The Maricopa City Council worked all day Friday to review the operating budgets for city departments and their specific requests for the upcoming fiscal year.

With the estimates from the Financial Services Department, the council went into the day with a projected operating deficit of $279,000. This number, however, is without finalized state revenue and included most of the departments’ separate requests for new personnel and operating expenses. The tentative budget adoption is set for May 17. After public hearings, the city council would then have until June 14 for final adoption.

New city manager Brenda Fischer presented her initial review of the city’s current personnel and department alignments.

“I’ve compared Maricopa to other cities with similar demographics, and we appear to be top heavy,” Fischer told council members. It was her opinion that two assistant city managers didn’t effectively suit the needs of the city. She suggested moving Patrick Melvin back to the position of police chief. Current chief of police, Kirk Fitch, would then become assistant chief. This would allow for a new administrative position strictly to support the mayor and council members. Council was receptive to the both the idea and the proposed changes in structure. 

“We are built out to what we were going to be, but we are not there,” said Fischer. All her proposed changes would be budget neutral, and she couldn’t make any true recommendations on potential personnel cuts or new employees.  It was noted and respected by the council that it was Fischer’s first week and that she was still in a review process with all the department heads. The council did not want to scrutinize each personnel request until Fischer had given her recommendations, which she believes she can provide before May 17.

To address the deficit, major cost savings could come from the employees’ health benefits package. Currently the city pays 100 percent of the benefits, but, potentially, it is looking to have employees make equal contributions, with complete acknowledgment that it cannot maintain the current system.  Karen Schaefer, director of human resources, has been courting different proposals from various insurance carriers. United Health Care is the city’s leading candidate to have “more bang for the buck.”
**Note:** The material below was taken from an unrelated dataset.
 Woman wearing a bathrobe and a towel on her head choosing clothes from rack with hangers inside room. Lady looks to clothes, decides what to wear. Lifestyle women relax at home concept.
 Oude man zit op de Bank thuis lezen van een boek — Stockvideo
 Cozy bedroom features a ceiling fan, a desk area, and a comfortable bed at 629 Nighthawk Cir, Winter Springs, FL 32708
Even though the budget retreat was only to review the city’s operations costs, the transportation department included in its presentation costs for a Maricopa Municipal Airport. Representatives from the Arizona Department of Transportation attended and informed the council that, “Maricopa was number one on ADOT’s list for a new airport, with Superior being the second choice.”
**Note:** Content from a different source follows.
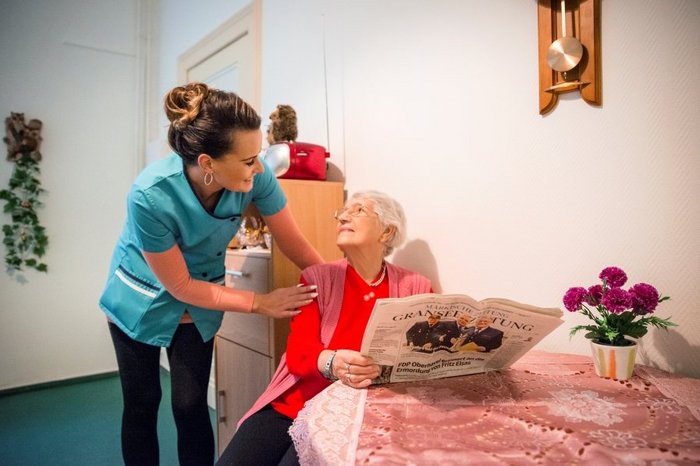 Das Fotozeigt eine Seniorin mit Zeitung und eine Pflegerin, die sie freundlich anspricht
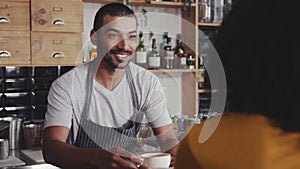 Barista offering coffee to the customer in cafe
For ADOT Kenneth Potts, airport planning and grants manager, and Holly Hawkins, state airport engineer, talked about the potentials in grant money, the preferences for the area, the timetable in which the process moved and the initial requirements from the city. Property would have to be purchased by the city and then approved by ADOT.

The presence of ADOT representatives upset council members Carl Diedrich, Alan Marchione and Marvin Brown, who did not see the relevance of discussing a potential airport or the required city funding for infrastructure. Mayor Anthony Smith looked at it from a long term economic perspective, saying, “It could create base jobs.” 

Since the bulk of the costs would have to come from the capital investments program, there would be only an administrative cost to maintain the project as ADOT’s top choice. In summarizing the discussion, Vice Mayor Edward Farrell told ADOT representatives, “It looks like Superior will be the new number one.”

The council also reviewed its membership in an organization called CAREDF, Central Arizona Regional Economic Development Foundation. As part of the city’s economic development marketing strategies and budget, the membership to the organization costs the city a little over $60,000. However, the effectiveness of CAREDF was challenged as CEO Barry Albrecht was asked about bringing businesses or even leads for potential businesses to the city. He answered that CAREDF had produced “no leads for Maricopa.”

Diedrich noted that Dennis Jenkins, president of Central Arizona College, sits on CAREDF’s board of directors. Diedrich brought up the previous struggles between the college and the city, and questioned Albrecht on CAREDF’s role in the process, since Albrecht claimed the organization helped market and establish business relationships for the city. However, Albrecht said the organization had not been involved in the CAC deal.    

“Either we are not utilizing your services right, or we are getting nothing at all,” said Marchione.

Membership to CAREDF also came into question as it appeared that similar services are already provided by MEDA, Maricopa Economic Development Alliance. Smith asked Albrecht to come back to council with a more defined role, inferring a clarification was needed as to what the organization could do for the city. Council also asked for Albrecht to consider re-negotiating the membership cost.

At a little over $70,000, the city clerk’s office suggested an all-mail ballot election. City Clerk Vanessa Bueras cited previous low turnouts for city elections, including an estimated 11 percent voter turnout in the last election. Bueras had discussed the idea with other cities that utilize such a system and estimated the city could increase its turnout by “40 percent or more.” Some cities had an 80 percent return. Council was receptive to this proposal. 

In their proposed budgets most city departments included at least one new employee and used rising gasoline prices as part of increased operating costs. Department heads were conscious of the economic realities, staying close to their current budgets while also trying to improve on their abilities to service the community.